Russ Francis

No. 81, 49
- Position: Tight end

Personal information
- Born: April 3, 1953 Seattle, Washington, U.S.
- Died: October 1, 2023 (aged 70) Lake Placid, New York, U.S.
- Listed height: 6 ft 6 in (1.98 m)
- Listed weight: 242 lb (110 kg)

Career information
- High school: Kailua (HI) Pleasant Hill (OR)
- College: Oregon
- NFL draft: 1975: 1st round, 16th overall pick

Career history
- New England Patriots (1975–1980); San Francisco 49ers (1982–1987); New England Patriots (1987–1989);

Awards and highlights
- Super Bowl champion (XIX); 2× Second-team All-Pro (1976, 1978); 3× Pro Bowl (1977–1979); PFWA All-Rookie Team (1975); New England Patriots All-1970s Team; New England Patriots 35th Anniversary Team; First-team All-Pac-8 (1973);

Career NFL statistics
- Receptions: 393
- Receiving yards: 5,262
- Receiving touchdowns: 40
- Stats at Pro Football Reference

= Russ Francis =

American football player (1953–2023)

Russell Ross Francis (April 3, 1953 – October 1, 2023) was an American professional football player who was a tight end for 13 seasons in the National Football League (NFL). He played for the New England Patriots and San Francisco 49ers. He was also a professional wrestler.

Francis finished his NFL career with 393 receptions for 5,262 yards and 40 touchdowns. He was inducted into the Oregon Sports Hall of Fame in 1993.

In 2021, the Professional Football Researchers Association named Francis to the PFRA Hall of Very Good Class of 2021.

==Early life and career==
Francis began high school at Kailua High School on Oahu, Hawaii, and finished at Pleasant Hill High School in Oregon, southeast of Eugene.
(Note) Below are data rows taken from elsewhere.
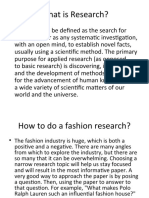 Research Prospects For Fashion Student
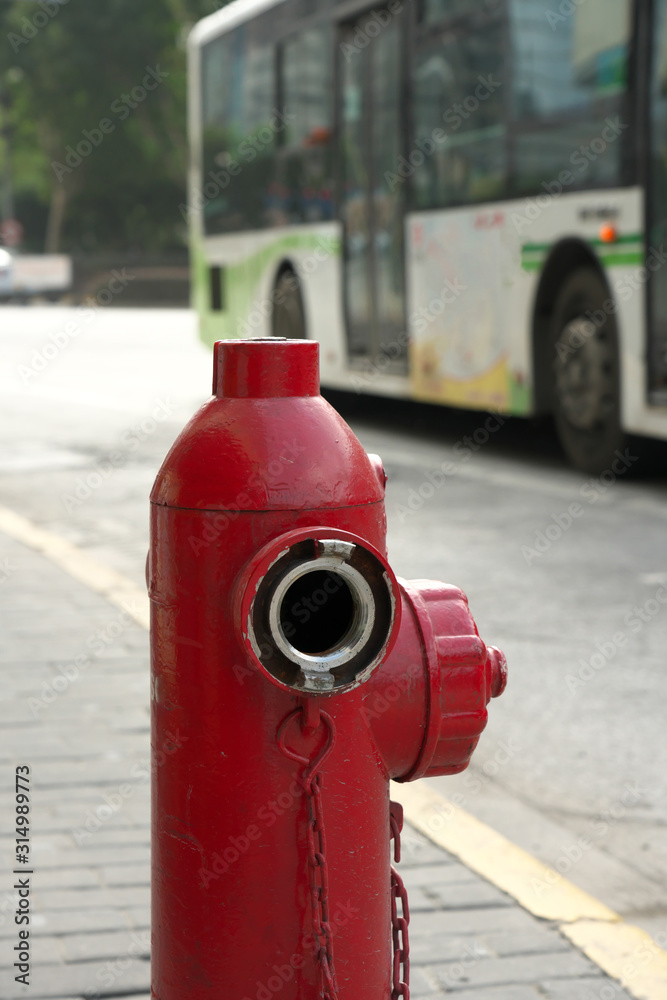Shanghai,China-September 12, 2019: Fire Hydrants near Waitan in Shanghai, China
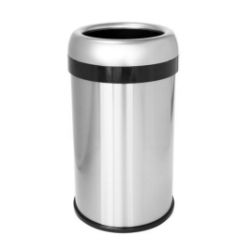 STAINLESS STEEL OPEN TOP TRASH CAN Round 13 Gallon 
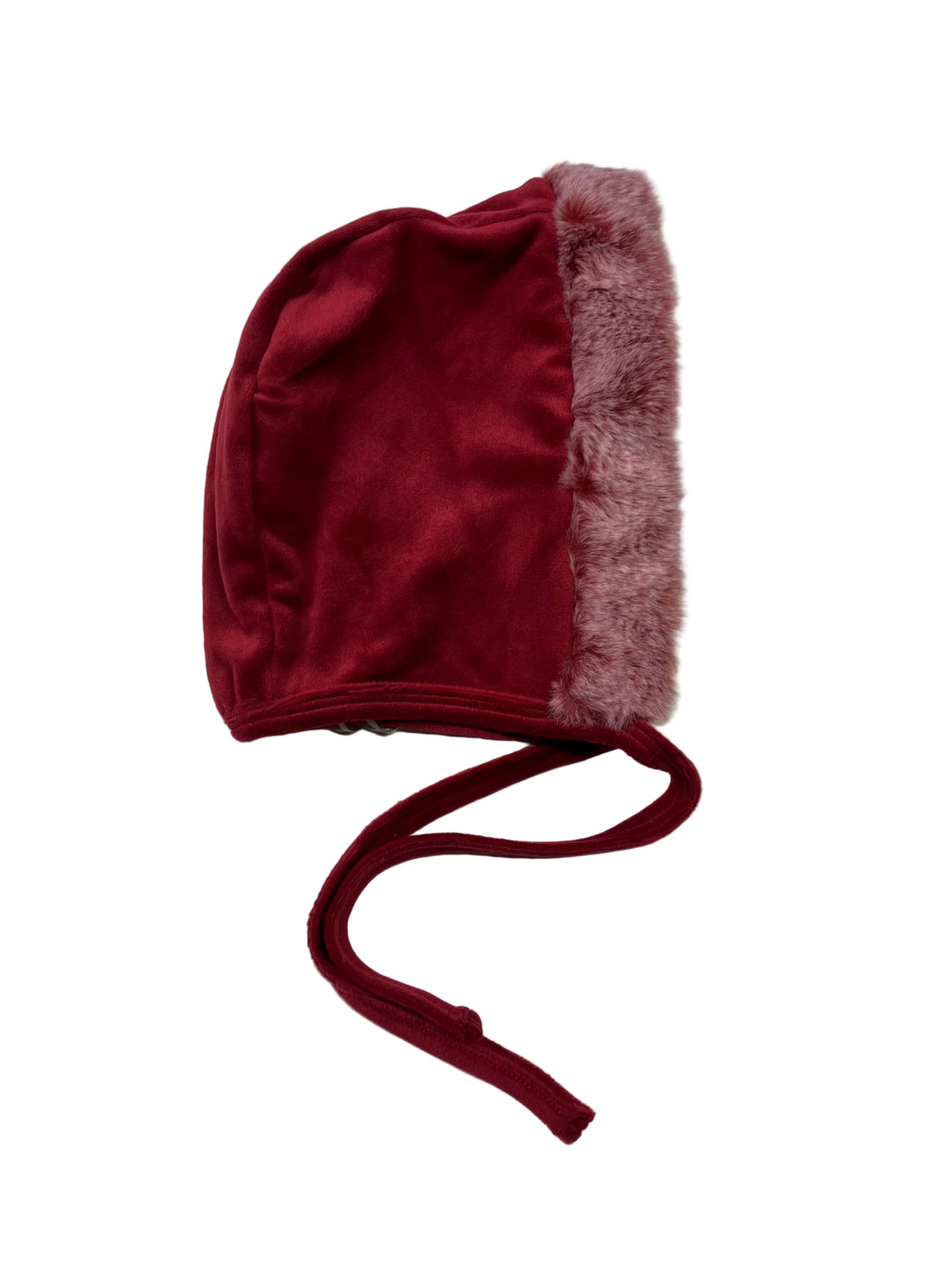 Little lux velour/ fur trim bonnet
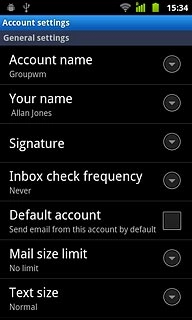 Press Default account to turn on the function.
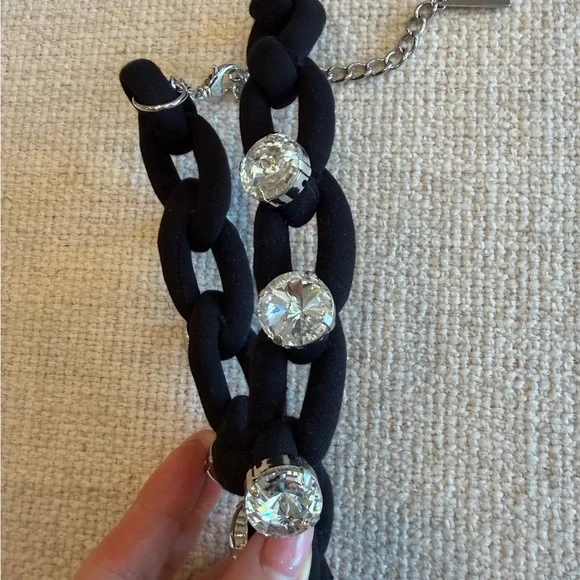 Area Black Strapless Top with Crystal Accents - Picture 4 of 10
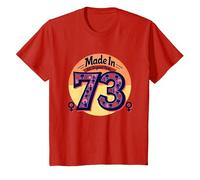 1973 Mujeres Made In All Original Parts Retro Peace Birthday Camiseta, Niños, Rojo, 10 años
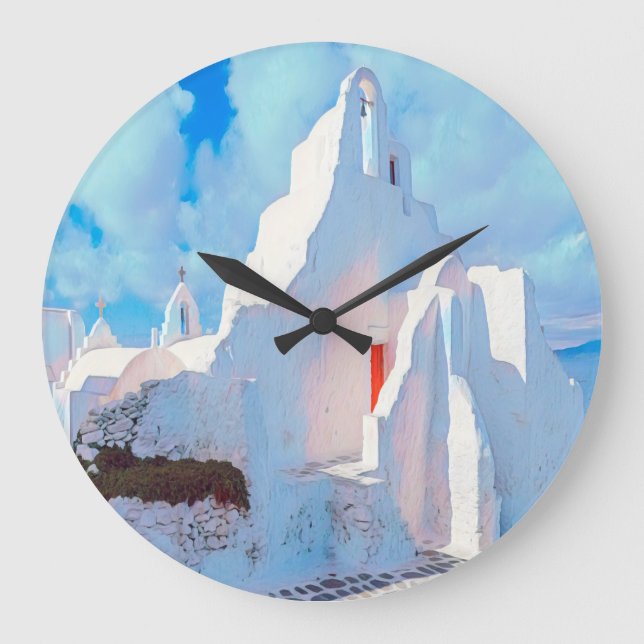ldp MYKONOS - characteristic church - Large Clock (Front)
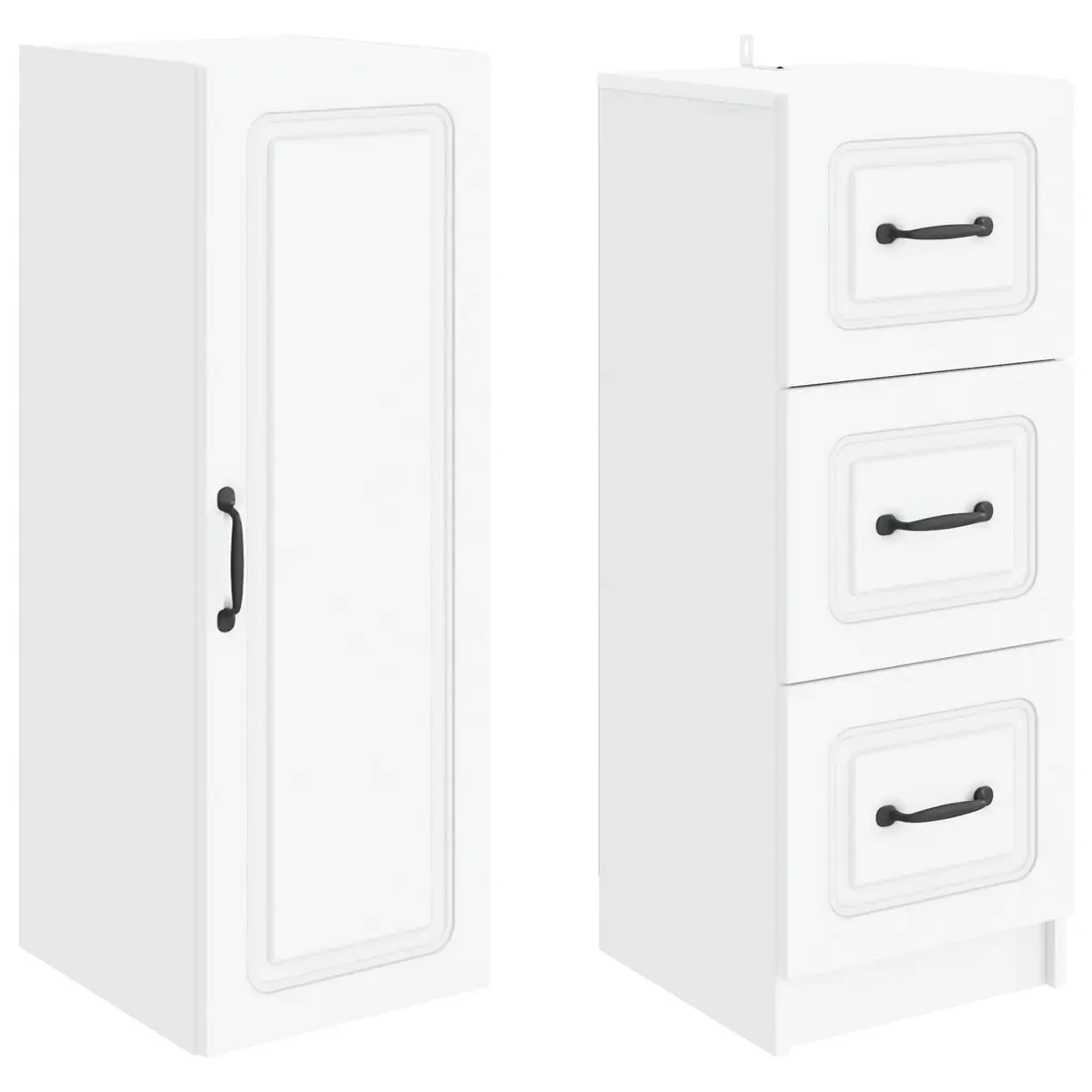 White Storage Cabinet Set with LED Lighting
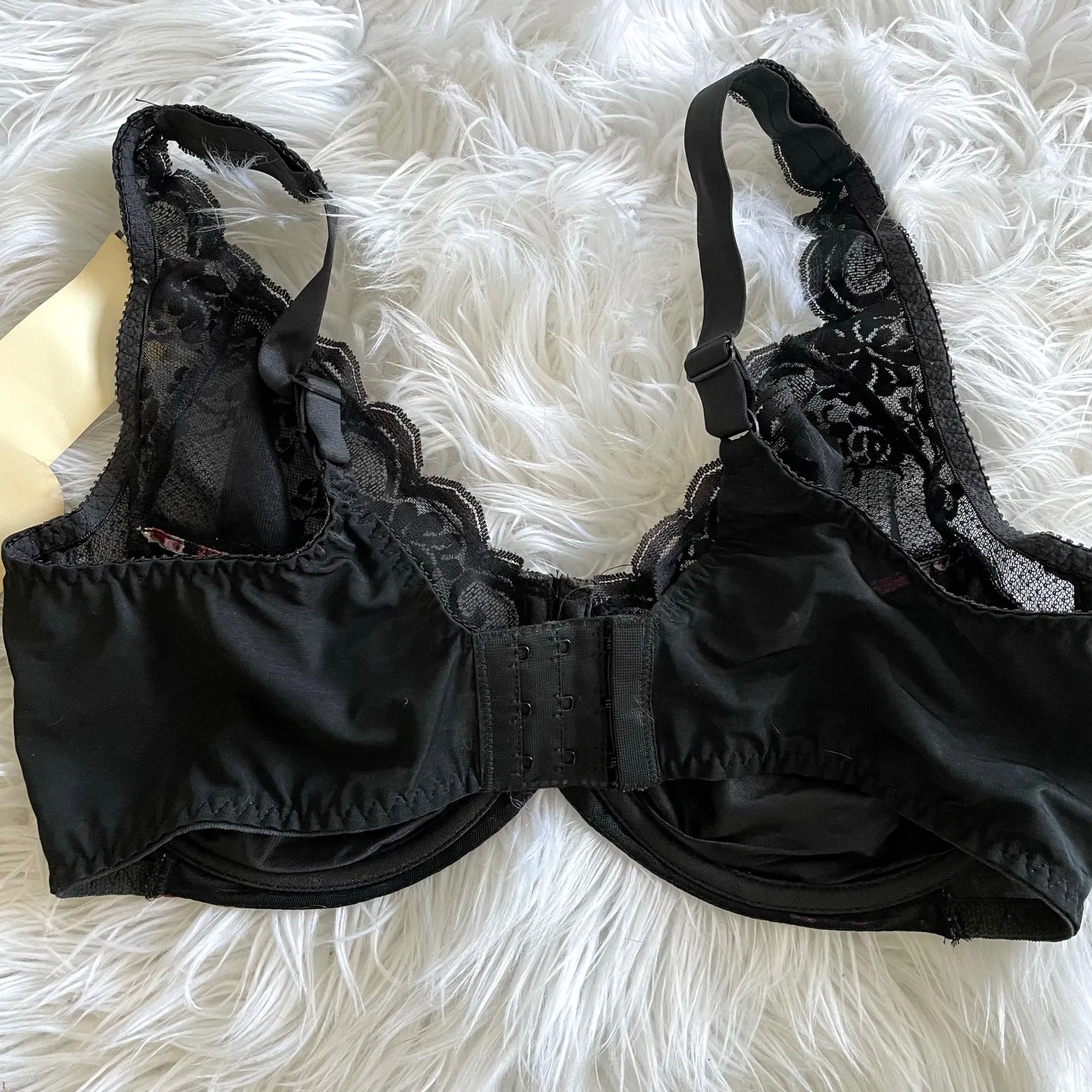 Vintage 80s Daye Rose Sears Floral Satin Black Lace Underwire Bra 38D 38 D New - Image 3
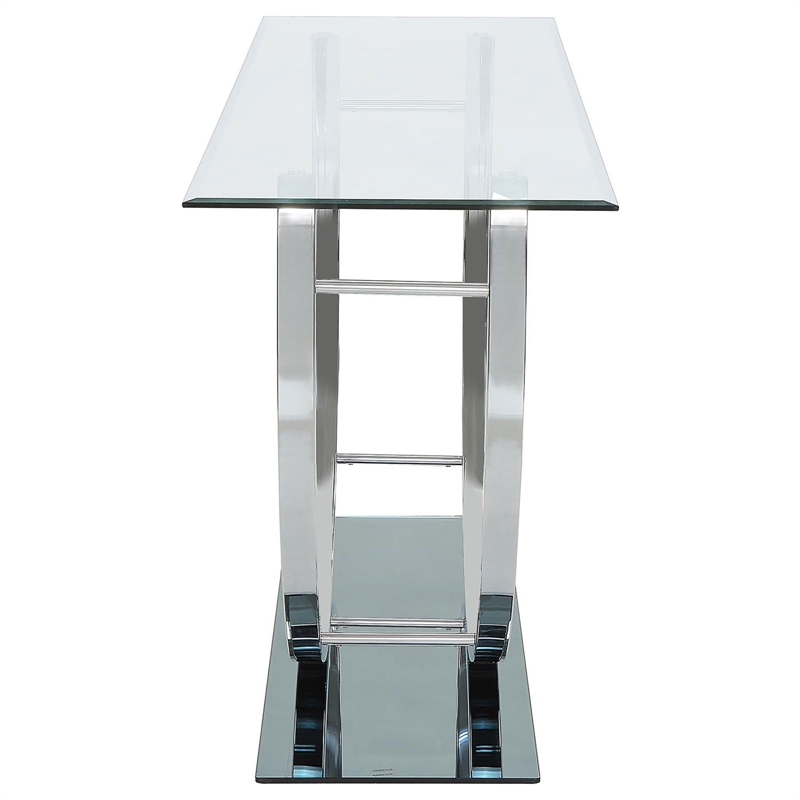 Pemberly Row U-Shaped Glass Top Entryway Console Table in Chrome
He set the national high school record for the javelin as a senior in 1971 at ; the record stood until 1988. Francis was also a decathlete for Pleasant Hill.

==College career==
At the University of Oregon in Eugene, Francis threw the javelin and played only 14 games of varsity football for the Ducks. Injured after three games as a sophomore in 1972, he played in 1973, but sat out his senior season in 1974.

Francis enrolled at rival Oregon State University in order to expire his collegiate eligibility and be eligible for the 1975 NFL draft. Briefly a pro wrestler, he trained for the Superstars competition and was selected in the first round by the New England Patriots, the 16th overall pick and signed in May.

==Professional career==
===New England Patriots (1975–1980)===
During the Patriots 30–27 win in 1976 over the two-time defending Super Bowl champion Pittsburgh Steelers on September 26, Francis caught a 38-yard touchdown pass from Steve Grogan on fourth and one. In that same game, Francis had a career-best 139 yards receiving. As a result, Howard Cosell proclaimed him as the "All-World Tight End".

In 1978, Francis had a career-longest 53-yard reception and 126 yards receiving in the Patriots 21–14 win over the Oakland Raiders at the Oakland Coliseum on September 24. That season, he led the Patriots in receptions with 39 catches for 543 yards.

Francis was a Pro Bowl selection for three consecutive seasons (1977–1979).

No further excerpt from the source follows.